Symptom: Scripts were being terminated after ~10 seconds, mid-execution. Operations would fail partway through — user created but no password set, or login completed but navigation never happened.

Root cause: The default exec tool timeout in OpenClaw was 10 seconds, which is insufficient for ReadyMode automation. A single login + navigation + form fill can take 15–40 seconds depending on page load times.

Fix: Set tools.exec.backgroundMs: 90000 in openclaw.json, giving scripts up to 90 seconds to complete before the exec tool reports timeout.

Lesson: Always profile the actual runtime of automation scripts under real network conditions before setting timeouts. Add 2x buffer for production.
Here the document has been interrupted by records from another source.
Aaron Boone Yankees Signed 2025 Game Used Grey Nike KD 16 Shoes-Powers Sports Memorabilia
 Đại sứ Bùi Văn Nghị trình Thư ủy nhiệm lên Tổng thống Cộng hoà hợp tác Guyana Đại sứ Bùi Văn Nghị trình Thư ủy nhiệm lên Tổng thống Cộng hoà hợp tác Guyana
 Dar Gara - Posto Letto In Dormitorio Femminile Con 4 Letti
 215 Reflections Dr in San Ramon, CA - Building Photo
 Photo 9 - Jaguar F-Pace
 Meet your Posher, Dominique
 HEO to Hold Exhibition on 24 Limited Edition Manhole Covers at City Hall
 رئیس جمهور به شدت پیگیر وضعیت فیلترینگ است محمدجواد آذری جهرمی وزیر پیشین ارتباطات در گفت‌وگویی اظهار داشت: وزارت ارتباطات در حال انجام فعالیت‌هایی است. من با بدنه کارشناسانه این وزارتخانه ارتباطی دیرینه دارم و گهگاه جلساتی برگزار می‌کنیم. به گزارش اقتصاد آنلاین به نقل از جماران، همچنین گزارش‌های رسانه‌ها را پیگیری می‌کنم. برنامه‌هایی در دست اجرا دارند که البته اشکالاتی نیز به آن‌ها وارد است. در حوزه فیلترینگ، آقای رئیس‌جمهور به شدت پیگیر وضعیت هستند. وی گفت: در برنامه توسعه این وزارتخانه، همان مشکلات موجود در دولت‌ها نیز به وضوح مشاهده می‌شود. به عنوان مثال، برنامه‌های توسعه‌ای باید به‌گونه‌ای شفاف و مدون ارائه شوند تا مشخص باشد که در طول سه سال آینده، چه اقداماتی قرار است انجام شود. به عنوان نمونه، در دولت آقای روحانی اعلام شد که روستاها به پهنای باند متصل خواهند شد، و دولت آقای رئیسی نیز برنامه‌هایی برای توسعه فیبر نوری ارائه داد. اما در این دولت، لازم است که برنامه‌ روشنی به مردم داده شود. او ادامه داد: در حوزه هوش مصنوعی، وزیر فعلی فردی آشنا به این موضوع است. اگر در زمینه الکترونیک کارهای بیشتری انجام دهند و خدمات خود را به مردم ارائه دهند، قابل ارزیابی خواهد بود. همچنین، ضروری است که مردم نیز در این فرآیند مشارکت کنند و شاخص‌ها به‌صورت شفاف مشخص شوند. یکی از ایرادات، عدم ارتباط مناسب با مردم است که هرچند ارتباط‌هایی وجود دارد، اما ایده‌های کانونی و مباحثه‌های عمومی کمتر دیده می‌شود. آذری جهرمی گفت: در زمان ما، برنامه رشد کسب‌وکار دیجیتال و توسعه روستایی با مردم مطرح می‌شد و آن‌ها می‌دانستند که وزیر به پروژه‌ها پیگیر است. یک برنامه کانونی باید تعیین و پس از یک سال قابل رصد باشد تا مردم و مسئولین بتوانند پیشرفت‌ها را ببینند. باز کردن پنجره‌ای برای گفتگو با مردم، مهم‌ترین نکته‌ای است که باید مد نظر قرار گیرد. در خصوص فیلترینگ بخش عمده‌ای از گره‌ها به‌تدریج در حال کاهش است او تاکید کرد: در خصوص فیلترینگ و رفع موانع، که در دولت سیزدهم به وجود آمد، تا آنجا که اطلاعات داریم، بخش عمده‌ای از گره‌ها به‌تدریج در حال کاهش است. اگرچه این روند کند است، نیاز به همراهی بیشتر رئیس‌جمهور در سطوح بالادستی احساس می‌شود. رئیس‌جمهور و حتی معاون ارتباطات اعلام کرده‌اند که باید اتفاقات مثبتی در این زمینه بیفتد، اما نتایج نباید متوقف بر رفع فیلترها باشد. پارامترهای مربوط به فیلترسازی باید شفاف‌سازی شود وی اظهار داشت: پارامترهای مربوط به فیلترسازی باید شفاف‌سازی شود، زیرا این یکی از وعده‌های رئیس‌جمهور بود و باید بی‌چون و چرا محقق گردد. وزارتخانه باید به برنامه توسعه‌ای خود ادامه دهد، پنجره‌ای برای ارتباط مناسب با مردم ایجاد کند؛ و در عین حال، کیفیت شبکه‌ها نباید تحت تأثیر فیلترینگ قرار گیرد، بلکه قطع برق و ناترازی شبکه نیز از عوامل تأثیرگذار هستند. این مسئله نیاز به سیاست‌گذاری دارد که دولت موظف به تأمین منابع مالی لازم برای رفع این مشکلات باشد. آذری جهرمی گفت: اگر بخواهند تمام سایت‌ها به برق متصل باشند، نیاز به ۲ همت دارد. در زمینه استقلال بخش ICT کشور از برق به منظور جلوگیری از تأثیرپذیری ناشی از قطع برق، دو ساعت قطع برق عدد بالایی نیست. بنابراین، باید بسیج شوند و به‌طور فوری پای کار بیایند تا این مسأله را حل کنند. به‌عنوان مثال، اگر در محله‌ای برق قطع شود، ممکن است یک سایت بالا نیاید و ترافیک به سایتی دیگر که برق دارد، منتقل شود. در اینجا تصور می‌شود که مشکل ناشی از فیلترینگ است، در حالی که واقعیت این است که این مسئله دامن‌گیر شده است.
A script that takes 20 seconds in testing might take 45 under load.


Incident 9 — Agent Polling Spam Saturating the Gateway

Symptom: After executing a script, the agent would poll for results every 2–3 seconds, flooding the OpenClaw gateway with requests and causing it to become unresponsive.

Root cause: No polling limits were defined. The agent's default behavior was to check for results as frequently as possible.

Fix: Added explicit polling rules to AGENTS.md: minimum 20 seconds between polls, maximum 4 polls total before reporting timeout to the user.

Lesson: Any agentic loop that waits for an async result needs explicit rate-limiting defined upfront. "Poll as fast as possible" is never the right default for production systems.


Incident 10 — Dynamic set_pass Field Not Accepting Input

Symptom: Password was being set correctly visually during automation (field appeared filled) but was not saving. User was created with no password.

Root cause: The password field uses xname='set_pass' instead of a standard name attribute. This is a dynamic attribute that only gets promoted to name when an oninput event fires. Without the oninput event, the field is never registered by the form and its value is ignored on submit.

Fix: After setting the field value using the native value setter, explicitly dispatch an input event (not just change) to trigger the oninput handler that promotes xname to name:

input.dispatchEvent(new Event('input', { bubbles: true }));

Lesson: Non-standard attribute patterns (xname, data-name, dynamic name promotion) exist in older or custom web apps. When a field value disappears on submit, inspect the form submission payload directly (via CDP Network events) to verify what's actually being sent, rather than relying on visual inspection.